The book does not crudely argue that gun control led inexorably to the Holocaust, nor does it claim an intrinsic connection between firearms restrictions and genocide or Nazism, as some polemicists would have it. Of course, the Holocaust itself was in many respects a singular event that was only possible due to a very large number of factors that historians are still attempting to understand.

This book does present the first thorough treatment of Germany's gun control policies before the Second World War, and the first extensive exploration of how Hitler used these policies in coordination with his persecution of Jews and political opponents. Some polemicists might overstate the relationship between gun control and genocide, but what is worse is the failure of scholars to come to terms with the real connection between disarming policies and oppression.

The book is divided into four parts representing distinct historical periods from 1918, at the birth of the Weimar Republic, through 1938, at the time of the Night of the Broken Glass.
Part I
, “Dancing on a Volcano: The Weimar Republic,” describes the post–World War I chaos, in particular the repression of Communist insurgency and the rise of the Nazi Party. In 1928, the liberal Weimar Republic adopted Germany's first comprehensive gun control law. The era ended with a decree requiring registration of all firearms and authorizing officials to confiscate all firearms, which could only have been enforced against persons who had registered them. Officials warned that the registration records must not fall into the hands of an extremist group.

Part II
, “1933: Enter the Führer,” describes how just such an extremist group seized power. Chapters tell about the massive searches for and seizures of firearms from Social Democrats and other political opponents, who were invariably described as “Communists.” Nazi raids on Jewish quarters to search for firearms also took place in this period, and Nazi power was consolidated in part by disarming “the politically unreliable” and the “enemies of the state.”

Part III
, “Gleichschaltung: Forcing into Line,” concerns the next five years of repression. Nazi leaders leisurely conferred on amendments to the Weimar Firearms Law, which could be revised as society was cleansed with National Socialism. But that theoretical legal discussion was a sideshow. The significant events were the Night of the Long Knives (Nacht der langen Messer), which verified that Hitler could murder any opponent, and the Nürnberg Laws, which reduced
the rights of citizenship from Jews. The Secret State Police (Geheime Staatspolizei, or Gestapo) banned independent gun clubs and decreed against issuance of firearm permits to Jews. In 1938, Hitler signed a new gun control law that benefitted Nazi Party members but denied firearm ownership to the perennial “enemies of the state.”

Part IV
, “Reichskristallnacht: Night of the Broken Glass,” sets forth how the groundwork for the pogrom against the Jews was laid weeks beforehand by the systematic disarming of Germany's Jews. With the shooting of a German diplomat in Paris by a teenage Polish Jew, Hitler approved and Joseph Goebbels orchestrated a massive search-and-seizure operation, allegedly for weapons, entailing the ransacking of homes and businesses. Himmler decreed the punishment of twenty years in a concentration camp for possession of a firearm by a Jew. Diaries and other sources record how the Jewish victims themselves, including gun owners as well as those not remotely connected to gun ownership, described the onslaught.

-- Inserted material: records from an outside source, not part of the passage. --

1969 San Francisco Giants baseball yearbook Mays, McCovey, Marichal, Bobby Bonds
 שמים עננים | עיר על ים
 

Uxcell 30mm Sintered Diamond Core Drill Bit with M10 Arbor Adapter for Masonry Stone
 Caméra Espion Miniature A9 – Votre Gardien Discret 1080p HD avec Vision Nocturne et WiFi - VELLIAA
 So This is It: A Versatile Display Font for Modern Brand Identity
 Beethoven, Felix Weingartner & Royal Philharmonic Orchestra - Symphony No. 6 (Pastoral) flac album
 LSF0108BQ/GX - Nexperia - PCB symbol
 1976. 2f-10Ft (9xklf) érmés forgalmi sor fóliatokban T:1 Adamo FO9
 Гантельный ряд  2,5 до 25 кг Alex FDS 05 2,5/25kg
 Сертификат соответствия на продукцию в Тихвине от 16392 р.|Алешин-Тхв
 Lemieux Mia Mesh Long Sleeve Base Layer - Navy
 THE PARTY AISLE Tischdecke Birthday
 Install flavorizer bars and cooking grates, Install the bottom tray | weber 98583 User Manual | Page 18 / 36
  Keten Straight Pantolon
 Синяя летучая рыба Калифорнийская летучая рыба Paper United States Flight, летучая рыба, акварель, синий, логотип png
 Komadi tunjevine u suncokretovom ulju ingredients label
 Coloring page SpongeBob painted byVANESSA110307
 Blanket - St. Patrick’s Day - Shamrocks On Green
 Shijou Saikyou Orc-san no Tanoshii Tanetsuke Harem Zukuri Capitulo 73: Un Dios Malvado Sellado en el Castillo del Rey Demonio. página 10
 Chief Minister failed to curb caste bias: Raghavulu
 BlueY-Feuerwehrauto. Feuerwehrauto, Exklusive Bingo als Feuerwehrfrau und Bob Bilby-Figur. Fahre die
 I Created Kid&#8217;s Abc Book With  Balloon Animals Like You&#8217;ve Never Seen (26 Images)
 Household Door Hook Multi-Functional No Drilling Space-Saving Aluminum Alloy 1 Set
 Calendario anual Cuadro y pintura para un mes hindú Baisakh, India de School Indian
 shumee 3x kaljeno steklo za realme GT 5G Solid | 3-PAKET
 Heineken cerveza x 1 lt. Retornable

The book's conclusion presents a potpourri of events during World War II, the second half of the “thousand-year Reich,” to explore effects of the disarming policies of the previous two decades. Why was there no armed partisan movement in Germany against Hitler? Did the prior disarming of the Jews facilitate his widening aggression against them? In the occupied countries, the Nazis decreed the death penalty for possession of a firearm, but there were instances of heroic resistance, from various resistance movements to the heroic Warsaw ghetto uprising.